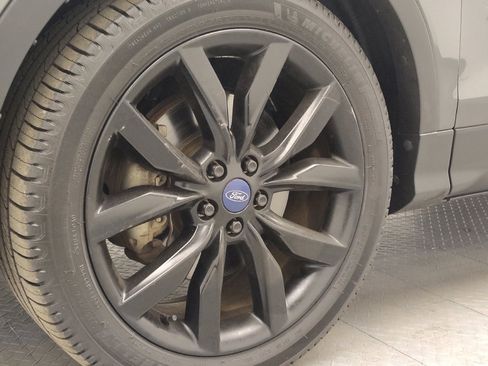 Used 2017 Ford Escape Titanium image 31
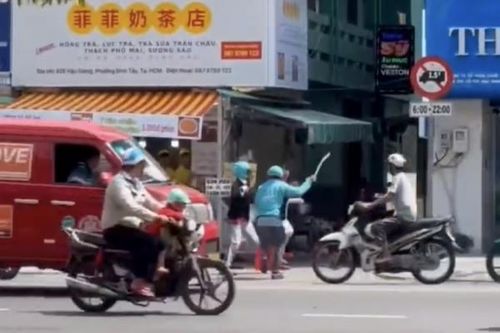 Nhóm mặc đồ xe ôm công nghệ ẩu đả gây náo loạn đường phố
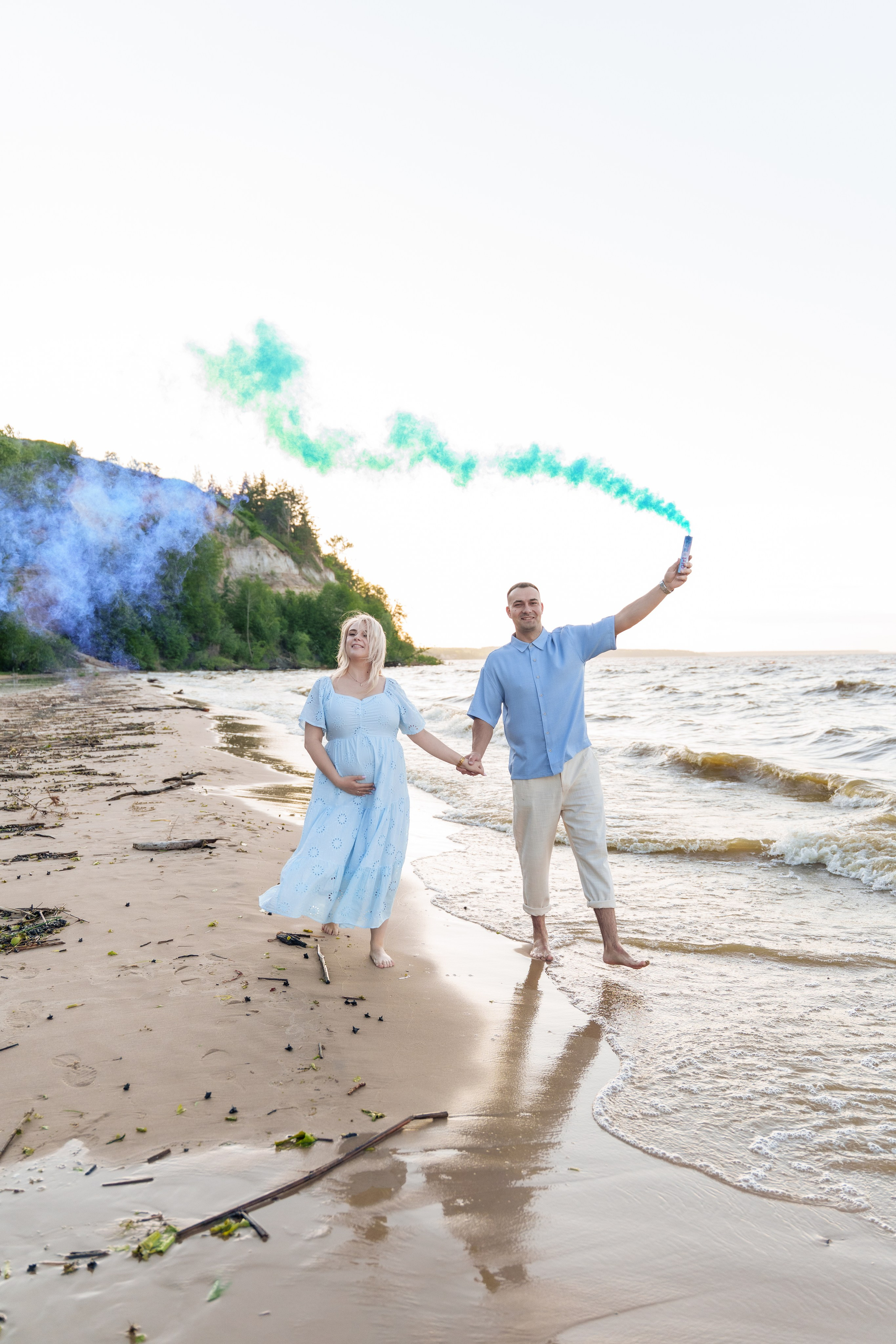 Гендер паті на Київському морі. Family photographer in Kiev Natalia Shkavron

- - -

The reply must consist of the complete listing, reproduced exactly, with no images.

» **REPLY**:
 Used 2017 Ford Escape Titanium image 31
 Nhóm mặc đồ xe ôm công nghệ ẩu đả gây náo loạn đường phố
 Гендер паті на Київському морі. Family photographer in Kiev Natalia Shkavron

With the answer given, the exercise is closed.